Case Study - RT Dygert Compound N-7045
A SAVINGS IN COST AND EFFICIENCY
A long time customer was using a Teflon coated O-Ring as a cap seal on an oil filler tube for a small gasoline engine. Annual usage was 5,000,000+. The use of Teflon was necessitated due to the extremely tight fit of the cap on the filler tube, which made removing the cap very difficult. Modifying the plastic tooling was cost prohibitive, and the customer’s engineering department didn’t want to specify a non-standard O-Ring. An added benefit was, that since the O-Ring was Teflon coated bright blue, it was easy to be sure that the O-Ring had actually been installed, as the color of the cap was black.
However, the Teflon coating created a multitude of problems:
- Due to environmental considerations, the coating had to be done by an outside subcontractor, over which we had little control. Freight and extra handling costs eroded most of our margin on this part. Logistics complicated matters, causing frequent air freight charges.
- The coating process itself is almost “random”. There was no cost-effective, precise way to control the amount of Teflon that was sprayed on the parts. Customer frequently complained of inconsistent “lubricity”.
- Sometimes the coater would forget to post cure the parts, causing flaking or peeling of the Teflon from the O-Ring out in the field. Thus, RT Dygert absorbed several five-figure rework charges. As a result, we decided to post cure the parts after they came back from the coater, to assure that this step hadn’t been missed.
- Four inspections were required on this part: 1) normal incoming, 2) before sending to coater to assure parts had no mold release or anything else on the surface that would inhibit adhesion of the coating, 3) after parts returned from the coater, and 4) after in-house post curing.
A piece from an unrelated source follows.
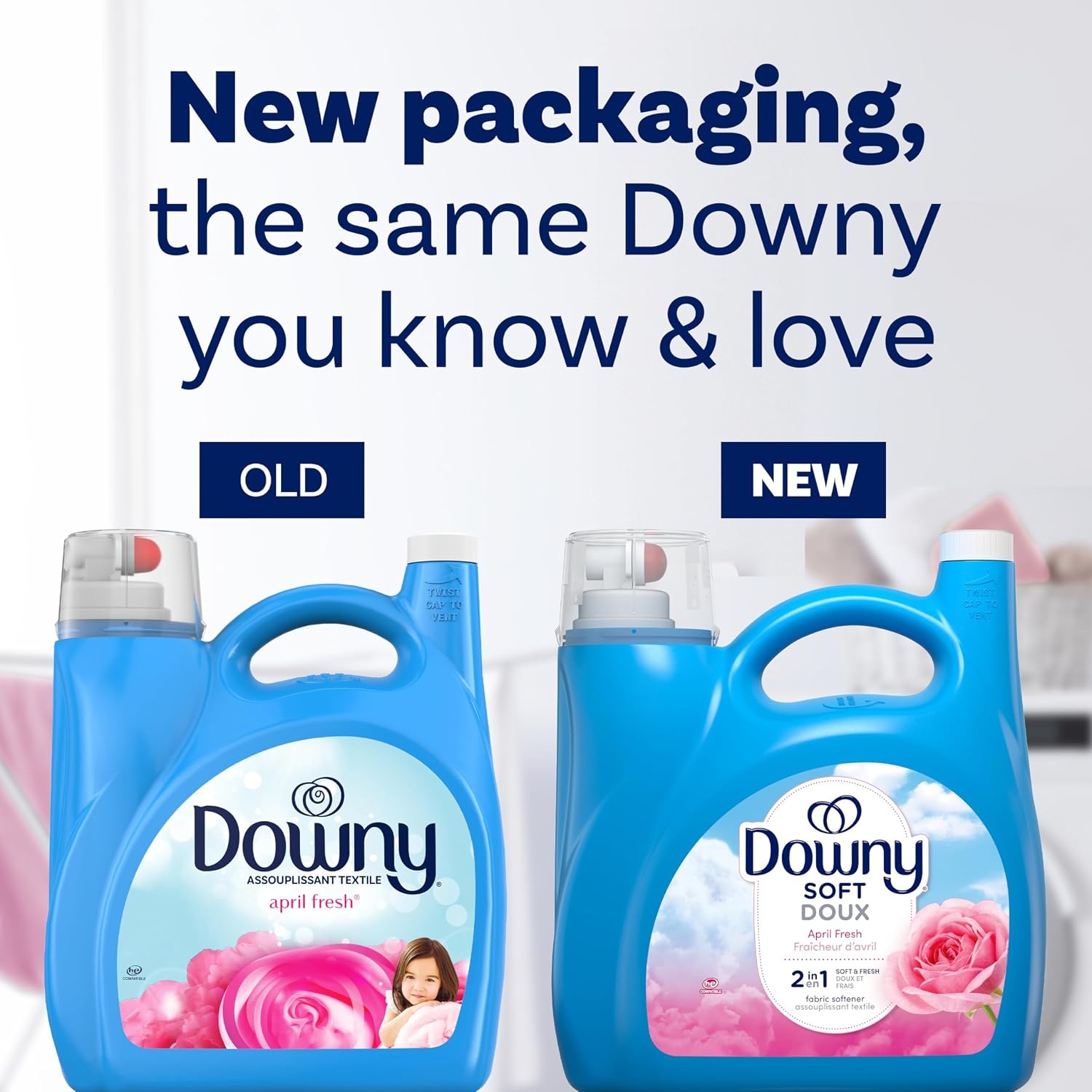 image:imageDowny Liquid Fabric Softener April Fresh 2in1 Fresh amp Soft 140 Fl Oz 190 Loads Fabric Conditioner For Freshness And SoftnessApril Fresh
- Several safety concerns were raised after discovering that 1) the coating contained a small amount of formaldehyde and 2) workers who handled the parts and then smoked sometimes became nauseous, probably due to the transfer of Teflon from the worker’s fingers to the cigarette, which was then inhaled.
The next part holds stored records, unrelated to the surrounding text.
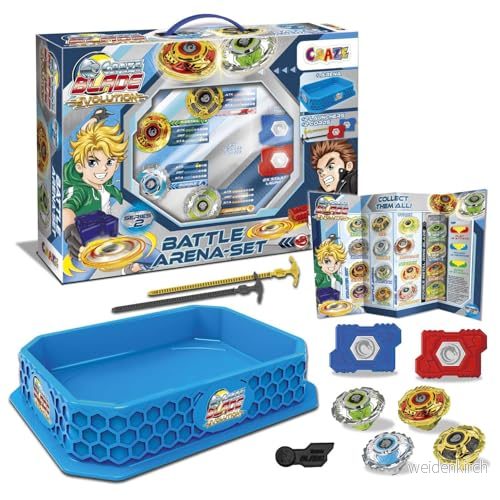 CRAZE Blade XXL Battle Set med 4 snurror i metall, kampsport inklusive tillbehör, kampfarena snurra Arena för barn, Burst snurra, barnleksak pojkar 32800 4059779032800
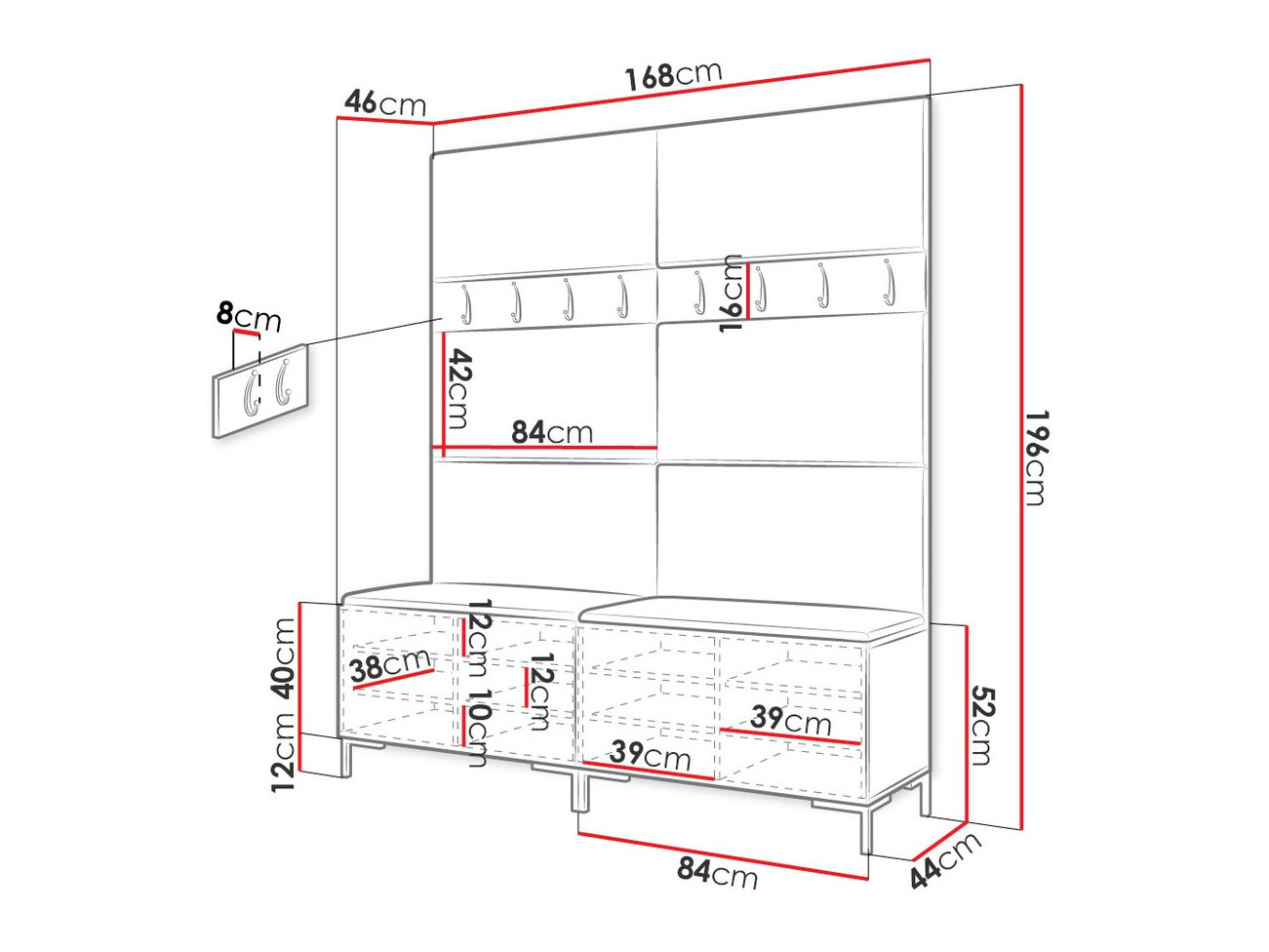 Прихожая Tivsoa 101 (Чёрный)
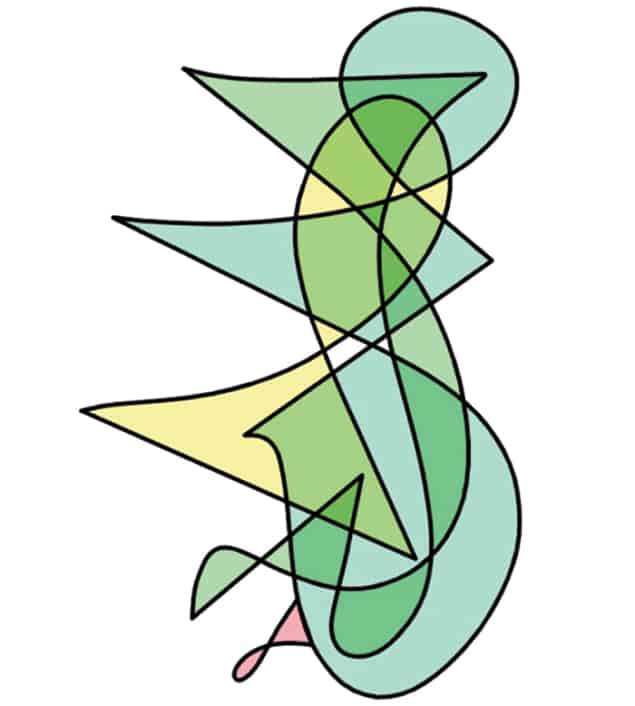 A doodle with spaces coloured in yellow, pink and different shades of green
RT Dygert’s solution to these problems was to develop an internally lubricated, blue rubber compound that still met the customer’s material specification. By doing so, we achieved these results:
- Color and lubricity were now tightly controlled, as this was done in the mixing process, before the parts were manufactured
- Lead times were shortened, so RT Dygert was able to reduce the amount of “safety stock” that it was holding in the warehouse.
- Customer experienced no reduced throughput in their automated assembly equipment when compound was changed. Downtime to clean the tracks of the feeder bowls was greatly reduced.
- Field failures were eliminated, as no secondary coating process was now required. As a result, there were no further rework charges.
- Safety concerns were also eliminated. The internal lubricant meets FDA guidelines for ingredients in rubber products.
- Inspections were reduced from four to one. The in-house post curing process was also eliminated.
- RT Dygert’s profit margins were restored, after granting a 12% price reduction to the customer.